Single-Line-to-Ground Fault
The most common type of fault is the SLG. This fault may be caused by a fallen tree on a single line, affecting only one phase. The other two phases continue to feed the loads. For loads insensitive to an unbalanced voltage, it will not affect the operation of the loads; however, for loads sensitive to unbalanced voltage (e.g., induction motors and generators), the unbalanced voltage may significantly impact load operation. A relay protection is usually used on the sensitive load to disconnect it from the grid in case a severe unbalanced condition is detected.
For an SLG, the sequence equivalent circuit consists of the series-connected positive-, negative-, and zero-sequence components of the network. To represent the PV inverter, a small modification is made to the sequence equivalent circuit. As the PV inverter is capable of generating symmetrical three-phase currents under normal and fault conditions, we have two switches (S2 and S0 are always open) to represent the absence of the zero- and negative-sequence currents in the PV inverter circuit. Thus, although the positive-, negative-, and zero-sequence currents are present on the grid side of the network, they do not show up on the PV inverter side. The impact of fault impedance (and neutral impedance) is multiplied by three to account for the fact that all the sequence currents (positive, negative, and zero) flow through this impedance. During a SLG the voltage of the faulted phase goes to zero. At the PV inverter, the three-phase output currents are maintained at a relative constant even during fault.
The grid SCC contribution contains identical positive-, negative-, and zero-sequence current, as is obvious from the sequence equivalent circuit for an SLG fault. The PV inverter contributions do not contain negative or zero sequence. The PV inverter can maintain symmetrical currents even during the fault. Small negative- and zero-sequence currents appear only during transition from normal operation to a short-circuit event. Comparing the pre-fault to fault current, there is a significant jump of the SCC from the grid to the fault. The SCC from the inverter IINV1 is limited to Imax current controlled by the PV inverter. Note that in the 3-LG fault condition, the fault current from the grid appears on all phases (a,b,c). In an SLG, the fault current from the grid appears only on the faulted line (Phase A). The SLG current is also quite large. As described previously, the fault current in Phase A for an SLG can be found as
\(I_{a-fault} = I_{a0}+I_{a1}+I_{a2}\)For an SLG, the fault current is
\(I_{a0} = I_{a1} = I_{a2}\) \(I_{a-fault} = 3I_{a0}\)To illustrate the impact of fault resistance on the SCC, 0.2 ohm was inserted to simulate the fault resistance. That leads to a significant reduction in the sequence current, by a factor of four. A similar technique can be accomplished by the insertion of neutral impedance on generators and transformers in the grid. The SCC from the PV inverter is not affected by the insertion of the fault resistance. Thus, the current controllability of the PV inverter does not change with fault resistance.
Line-to-Line Fault
A line-to-line (LL) fault may occur when lines are swinging and one line touches another. The swinging of the lines may be caused by wind, especially when the lines are sagging (possibly because of expansion during overloading). This fault may be cleared within cycles; however, it may persist, and the short circuit may be cleared by the circuit breakers after several cycles.

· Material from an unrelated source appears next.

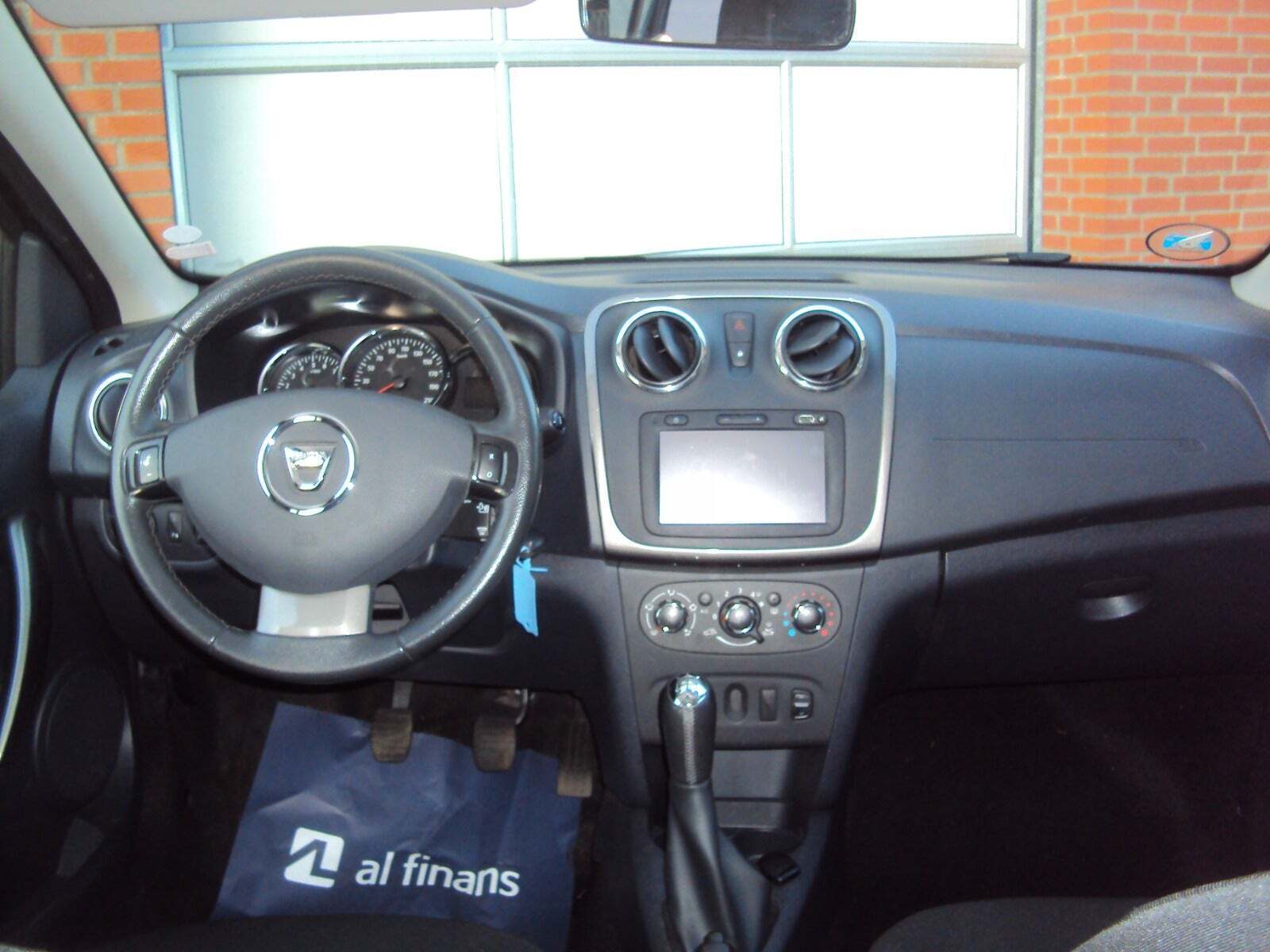 Blå Dacia Sandero Stepway fra 2016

From the sequence equivalent circuit, the positive-sequence and negative-sequence equivalent circuit can be connected in parallel and drawn, which shows that only the positive- and negative-sequence circuits are considered. The LL fault does not have a zero-sequence component. Terminal voltage A and B are connected by the short circuit, and at the terminal voltage A and B are the same during the short circuit.
Figure on the right shows the grid voltage during normal operation and during the fault event. The grid voltage was normal when a sudden short between Phase A and Phase B occurred. As shown, at the point of fault incidence, Phase Voltage A and Phase Voltage B are identical due to the short circuit between them, but the voltages are not zero because there is no ground involved during the fault. The resulting voltage is represented by equal voltage, half the magnitude of the Phase A voltage, with the phase angle of 180° (the opposite polarity) with the voltage at Phase A. The positive- and negative-sequence fault currents from the grid are of the opposite polarity (IF1 = -IF2). The PV inverter current will not be affected because it will produce only a positive-sequence current. The negative-sequence equivalent circuit of the PV inverter is shown as the open switch S2 based on the fact that the PV inverter is capable of producing only positive-sequence currents.

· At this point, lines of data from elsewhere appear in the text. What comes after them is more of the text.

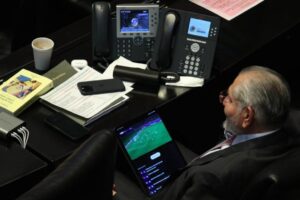 Senador Adán Augusto López prefiere la Champions a la Comparecencia de Hacienda - ZMG Noticias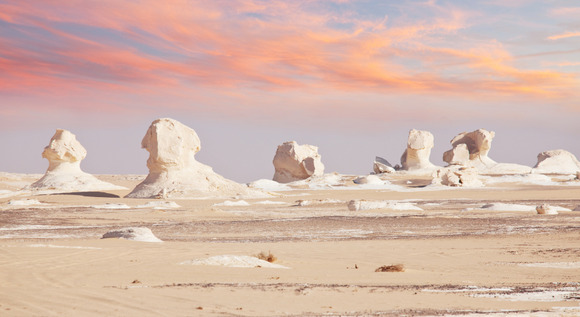 Egipto con desierto blanco y Oasis de Bahariya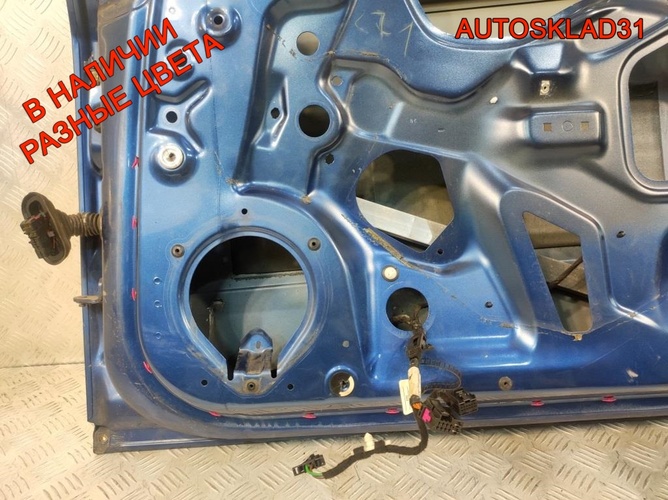 Дверь передняя правая Голая Audi A4 B6 8E0831052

The output currents of the inverter are not affected by the fault. The SCC contribution from the grid, as shown on the graph, is delivering short-circuit currents from Phase A to Phase B, as represented by two identical SCCs with the opposite polarity. Note that, although there is no fault current flowing to the ground, the SCC in the two phases (Phase A and Phase B) is much larger than the normal current. This current flows through lines A and B and through the winding of the transformers between the generator and the fault. If this fault persists, it must be disconnected from the grid to protect the power system components from overloading and overheating.
During a LL fault the positive- and negative-sequence SCC contribution from the grid is equal, and the zero-sequence component of the SCC from the grid does not exist as a consequence of the LL fault — the type of fault that does not involve the ground. The PV inverter is still producing the same output current in pre-fault, during-fault, and post-fault conditions.

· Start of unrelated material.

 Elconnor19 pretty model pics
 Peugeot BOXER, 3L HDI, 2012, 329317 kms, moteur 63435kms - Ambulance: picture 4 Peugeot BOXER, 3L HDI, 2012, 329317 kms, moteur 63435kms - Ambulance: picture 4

Line-to-Line-to-Ground Fault
An LLG fault may occur when two lines are shorted to the ground. This fault may be cleared within cycles; however, it may persist, and the short circuit may be cleared by the circuit breakers after several cycles. From the three-phase equivalent circuit, the positive-, negative-, and zero-sequence equivalent circuits can be connected in parallel and drawn, which shows that only the positive- and negative-sequence circuits are considered. The LLG fault does not have a zero-sequence component. Terminal voltage A and B are connected by the short circuit at the terminals, and both of them are grounded. Voltage A and B are the same and equal to zero during the short circuit.
During a LLG fault the positive-sequence currents are almost double the negative-sequence currents, and the zero-sequence currents are almost identical to the negative-sequence currents. Of course, this current division between the zero and negative sequences can be altered by placing the neutral impedance on the zero-sequence path to reduce the size. The positive-sequence current will also be impacted by the neutral impedance. The PV inverter current will not be affected because it will produce only a positive-sequence current. The negative-sequence equivalent circuit of the PV inverter is shown as the open switch S2; the zero-sequence equivalent circuit of the PV inverter has an open switch S0, as the PV inverter is controlled to produce only positive-sequence currents.
Current Regulated Current Source Inverter
Another option to the CR-VSI is the current-regulated current source inverter (CR-CSI). The PV inverter uses the voltage Vgrid to synchronize the power converter to the grid by using the PLL to track the phase angle of the grid voltage. Thus, any changes in the phase angle or frequency will be followed as the power converter is locked to the grid voltage.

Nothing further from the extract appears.